The progress has been significant. Four decades ago almost no Latin American country elected either local or regional government officials with all such individuals being appointed by the country’s president. Today, virtually every country in the region elects local government officials and many elect regional governors. In many countries, these elections have served as the vehicles by which once monolithic, political party machines have been forced to give way to more pluralistic governing systems.

In part, these efforts have been the result of local demands for more responsive, participatory and accountable governance. They also have been very strongly encouraged and supported by various
international organizations and national aid agencies as a means to improve the quality of public service delivery. In more recent years, these efforts also have been guided by a growing recognition that strong local governments have the capacity to play important roles in local, regional and national economic development.

Since the summer of 1995, each June, local and regional, as well as some national, government officials from throughout Latin America have been coming together in Miami to assess the progress being made in the building of local democracy and to develop strategies to further advance the strengthening of municipal government throughout the hemisphere as a means of both building democratic institutions and advancing the economic well-being of Latin America’s people.

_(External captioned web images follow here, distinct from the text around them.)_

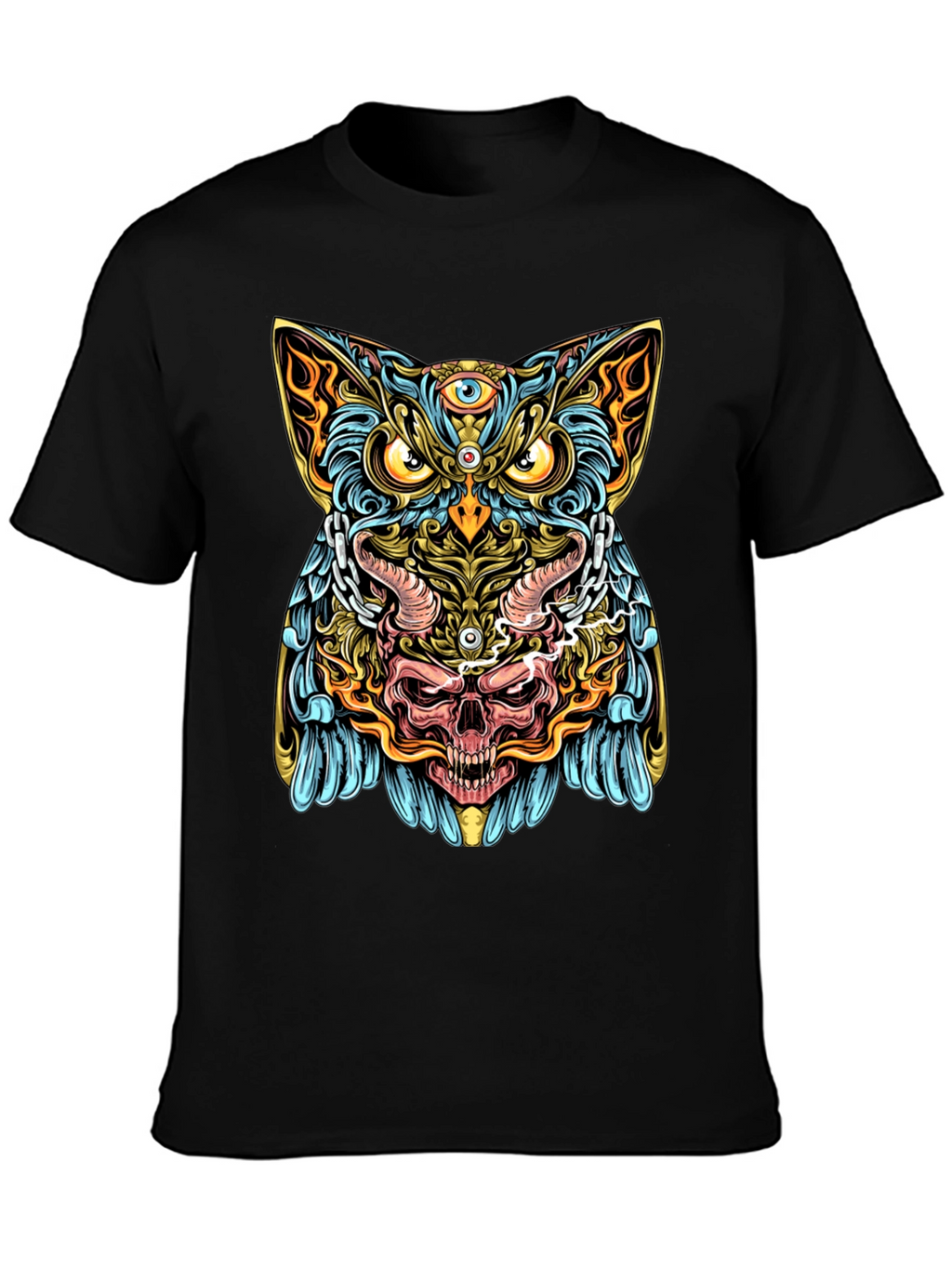 Mystic Owl Skull Graphic Tee - Mens Black T-Shirt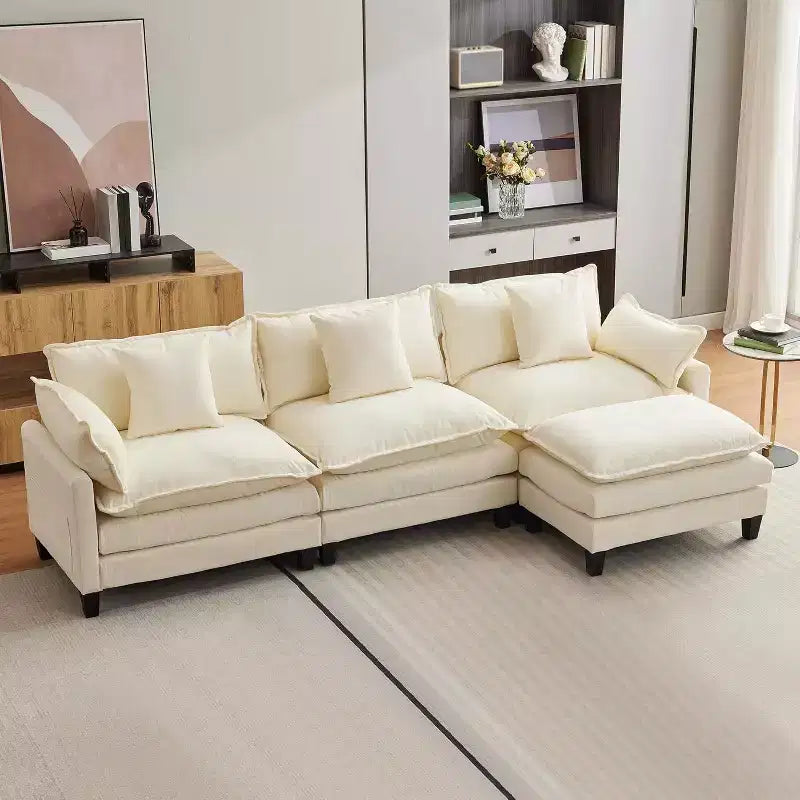 Canapé d'angle surdimensionné Acekool, canapé modulaire en chenille 3 places avec assise profonde et pouf, canapé convertible confortable pour salon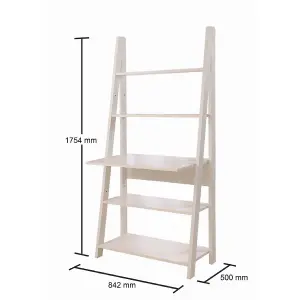 Riva Ladder Bookcase with 5 Tier Shelves & Overhanging Desk Shelf in White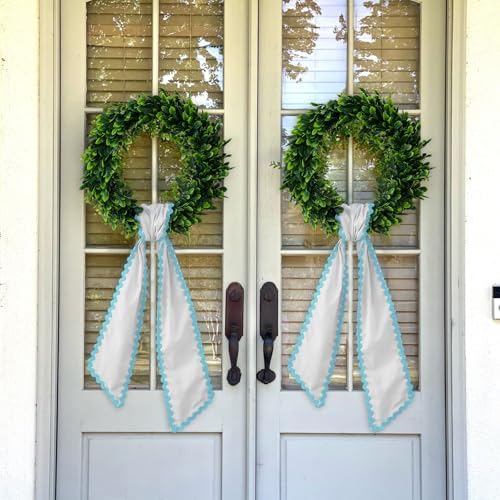 DYSHAYEN Wreath Sash for Front Door, White with Blue Trim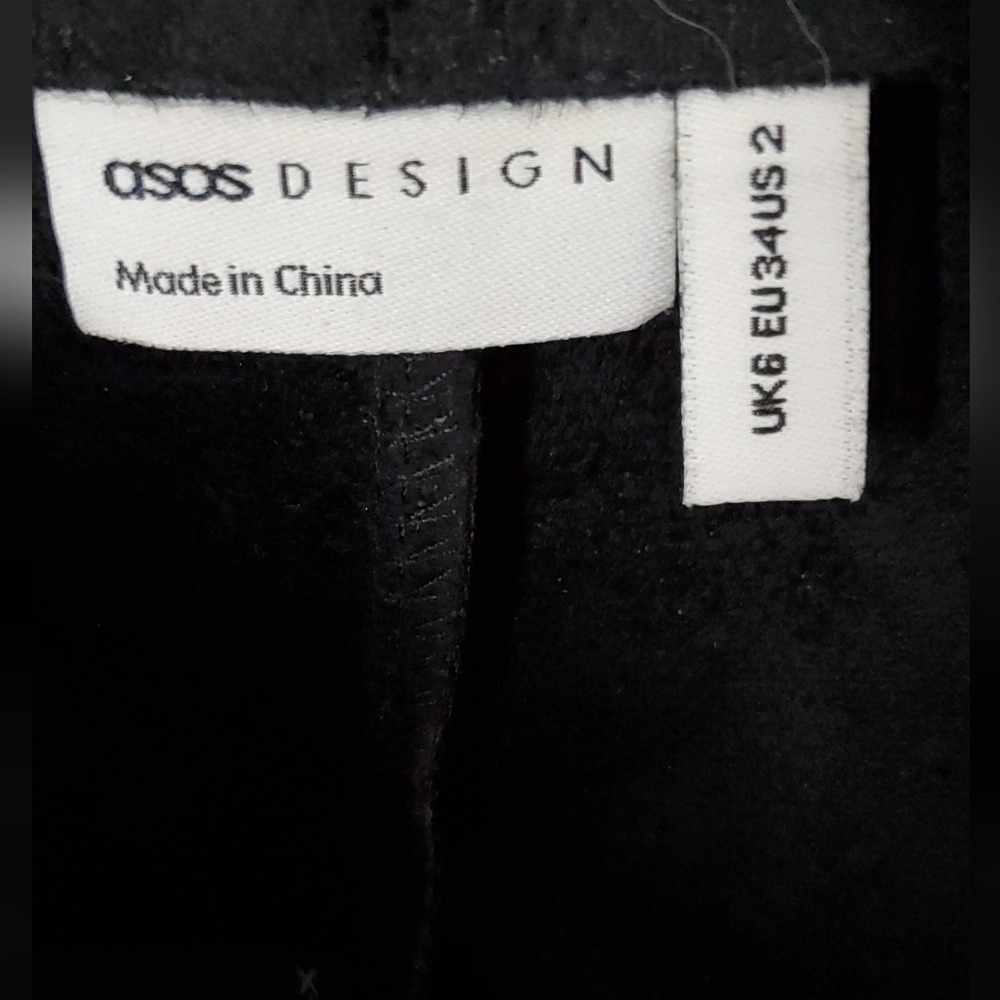Asos Design Black Faux Leather High-Waisted Stretch Flared Pants Size 2 - Picture 6 of 8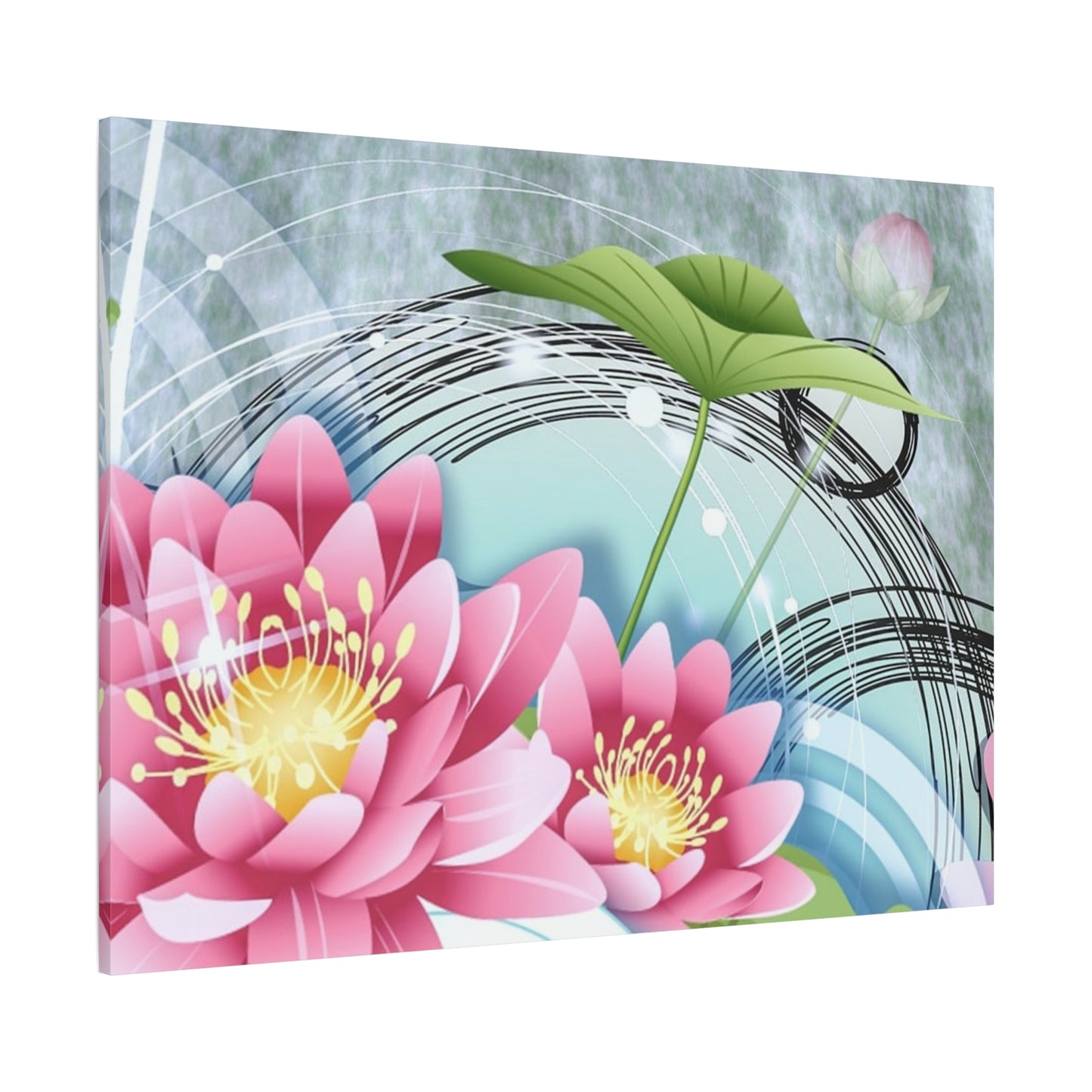 Lotus Blossom Matte Canvas Wall Art — Stretched 1.25" Decorative Print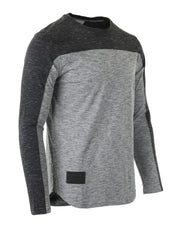 ZIMEGO Camisa atlética hiphop de manga larga con bloque de color y dobladillo curvado para hombre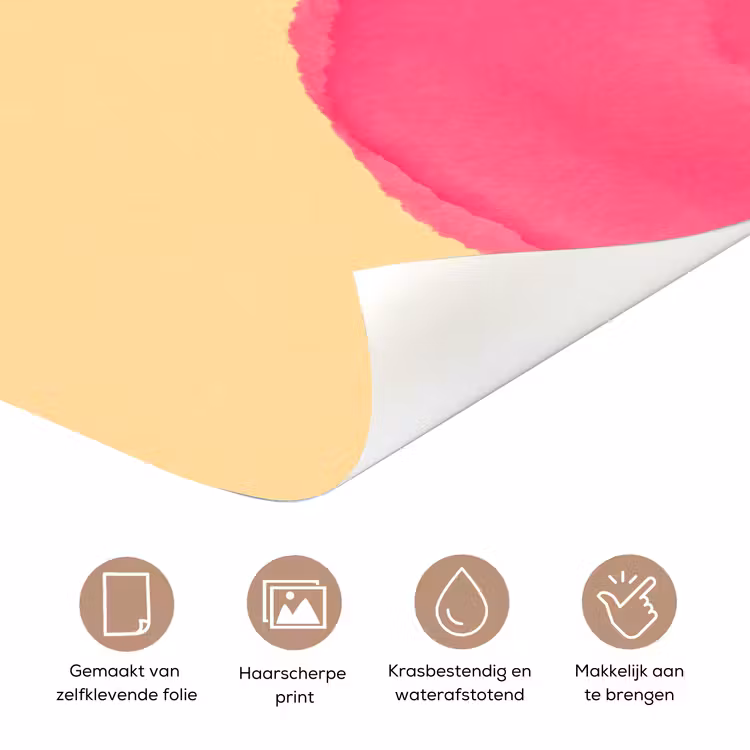 Abstract - Aquarel - Organisch - Oranje - Roze deurposter klein -closeup_NL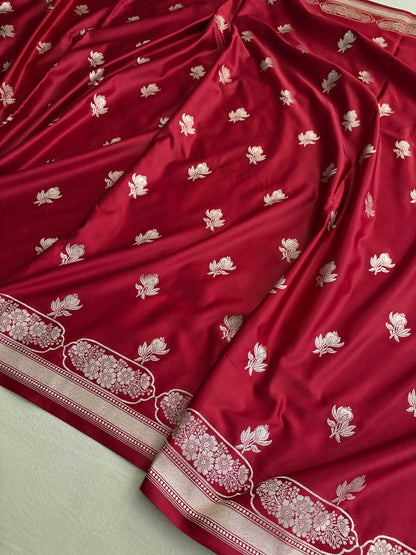 Peacock Shaded Soft Kataan Silk Banarasi Saree
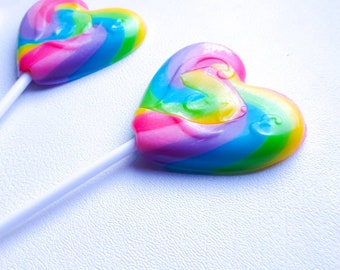 Pastel Rainbow Heart Lollipops - Unicorn Party Favors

Sponsored by Miami-Dade County and organized by Florida International University’s Institute for Public Management & Community Service, some 500 local government leaders from throughout the hemisphere will once again gather in Miami from June 17-20 for what will be the  25th annual inter-American Conference of Mayors and Local Authorities. They will be participating in what has become the largest annual non-political gathering of Latin Americans concerned with the building of local government.

The conference will be kicked off with a keynote address by Luis Alberto Moreno, the president of the hemisphere’s most important multinational organization, the Inter-American Development Bank. In addition to Miami-Dade County Commissioner Javier Souto, a long time advocate of strengthening of local government throughout Latin America, conference attendees will hear from an array of prominent figures from throughout the hemisphere.

For the past 25 years, ideas and initiatives emerging from this annual meeting have significantly influenced the actions of presidents, parliaments and regional authorities throughout Latin America in terms of the strengthening of local governments and the enhancement of their role in the construction of democratic institutions.

Of particular note, the conference, in many instances. has enabled both national and international leaders to learn about the importance of strong local governments for both economic and democratic development. As the long time president of the IDB, Enrique Iglesias, frequently noted, it was through his participation in this conference that he first realized the importance of the bank working with local governments.

Similarly, the conference has served as both an inspiration and a learning opportunity for those at the grass roots of democratic development. As the then mayor of Asunción, Paraguay, one of the most democratically challenged countries of the hemisphere, commented in a Miami Herald story a decade ago, “The conference is like a great supermarket of ideas for local government officials.”